It has been a decade since performing-arts pioneer Laurie Anderson, 65, last did a show in the Twin Cities.

The tone and themes of that work, "Happiness," were colored by the shock of the 9/11 terror attacks. Assisted by voice-masking technology, much of it of her own making, Anderson delivered in a multiplicity of voices and colors to bring varied stories to the stage.

In the intervening years, she has toured Europe and created a raft of new meditative works, including "Delusion," about the stories we tell ourselves and our families, and "Homeland," a querulous piece on the state of the nation. In 2008, she married her longtime partner, music legend Lou Reed.

The Star Tribune spoke with Anderson last Sunday as she was concluding a stay in Seattle, where she performed her latest piece, "Dirtday!" The Seattle Times described this hallucinatory dreamscape as being about "everything: evolution, the post 9/11 security state, popes on other planets, tent cities, our health-care system, sleep, dreams, music, regrets, superstition, love and, emphatically, death."

"Dirtday!" plays next weekend at Walker Art Center in Minneapolis.

• "'Dirtday!' started out pretty differently. It was going to be all music. I had been playing the violin a few hours a day and loved the harmonies that were coming out. I thought, wouldn't it be great to do a whole evening of violin filters? The time I was writing it, a lot of diverse [ideas] started to converge. It changed with some political ideas. I was involved with the Occupy Wall Street movement at the time.

"But some of the things I wanted the violin to do, it wasn't doing. For example, I wanted a note to trigger another note. So, I began to write software for that. Then the whole thing became one long shaggy-dog story that extended into dreams and anthropology and journalism.

"I'm someone who throws away 90 percent of what I make. I'm always trying to analyze what my work is doing. I try to be an intuitive artist, but I also have to be a good editor. I asked myself, 'What was leading, the music or the story?' And it was the story. That's how 'Dirtday!' went from something that I imagined as all music in a completely different direction."

• "This is a show that began, in part, with thinking about how things were moving in this country, but it didn't stay there. I'm not somebody who uses political ideas in my work directly to try to convince people of how the world should be. I don't know how the world should be. I'm not a believer in this 19th-century idea that art makes the world a better place. For whom? For you and your friends?

"I don't try to improve things, just describe them. I hate it when people who don't even know me try to tell me what to think."

• "I have invented a number of things, and the software is a part of that. When you're a musician, your brain is wired for how your fingers arrange themselves on instruments. It's hard to move yourself out of those patterns. I try to trick myself out of that by making electronics that will explore things like dissonance. I do that to keep things interesting, to not get caught in writing the same little tune over and over again in my life. I try to find sounds that I've never heard before and try to do something with them."

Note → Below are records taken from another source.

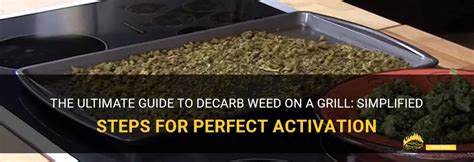 The Ultimate Guide To Decarb Weed On A Grill Simplified Steps For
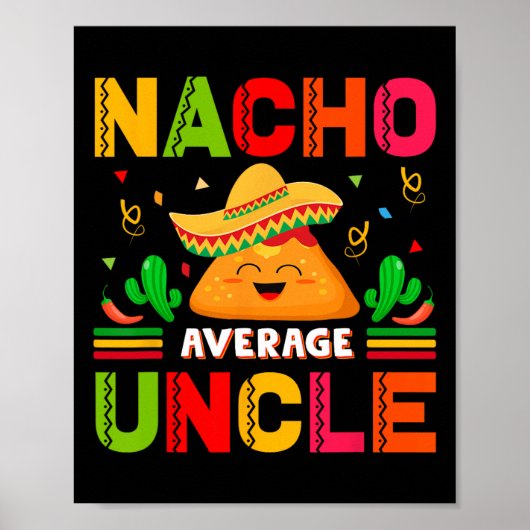 Nacho Average Oncle Family Men Vathers Day Poster (Vorne)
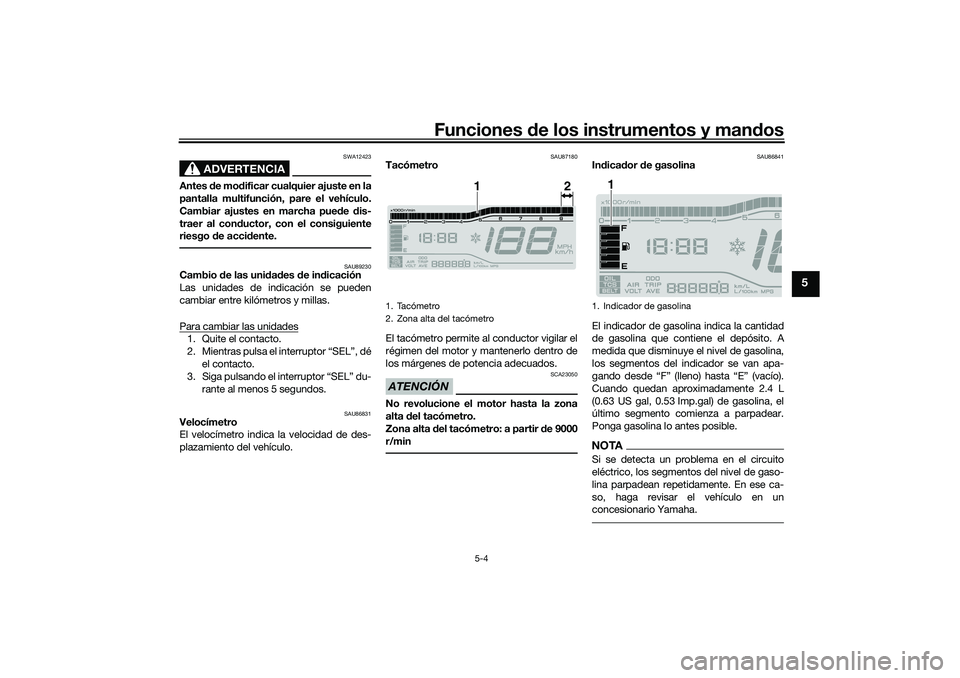 YAMAHA TRICITY 300 2021 Manuale de Empleo (in Spanish) Funciones de los instrumentos y mand os
5-4
5
ADVERTENCIA
SWA12423
Antes de mo dificar cualquier ajuste en la
pantalla multifunción, pare el vehículo.
Cambiar ajustes en marcha pue de dis-
traer al YAMAHA TRICITY 300 2021 Manuale de Empleo (in Spanish) Funciones de los instrumentos y mand os
5-4
5
ADVERTENCIA
SWA12423
Antes de mo dificar cualquier ajuste en la
pantalla multifunción, pare el vehículo.
Cambiar ajustes en marcha pue de dis-
traer al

• "If somebody asked me what I do, I would say I'm a multimedia artist. It's a terrible term; everybody is a multimedia artist. It's like saying you're a typewriter artist or a pencil artist. It's kind of silly to be bound by the material. With what I do, you just have an instinct. And you follow that, you honor that.

"Artists are not philosophers. Otherwise, you would just write down your message or philosophy and distribute that. We wouldn't bother to make notes or colors or sounds. These things change the meaning, change the resonance, of what you're doing."

• "The context for this piece is the elections. It's always really interesting to work at a time when people are dealing with language and analyzing it. We listen to somebody give a speech on what the past was, somebody's version of the past. People are very attuned to voices, or the inadequacy of language."

• "Our world is made of words. Throughout their lives, people tell stories about who they are, what they care about, where they're going. What kind of kid were you? Politicians tell stories about where we should be. We need these stories. If you start thinking about them in more detail, you realize that your stories are constructs that sometimes you can just change."

• "If you like stories, you'll love 'Dirtday!' One of the things I like to do is jump cuts. Be prepared to be taken here and there. Is it dream-like? Yes."

• "Lou and I got married. We should have a different word for it, since it's not the same as setting off at the beginning of your life and going, 'Who's this person? Who am I?' We had been together for 20 years. So, it's a different thing, like marrying your best friend. I'm very happy. It's an amazing acknowledgment of the relationship with the person you hope to be with for the rest of your life."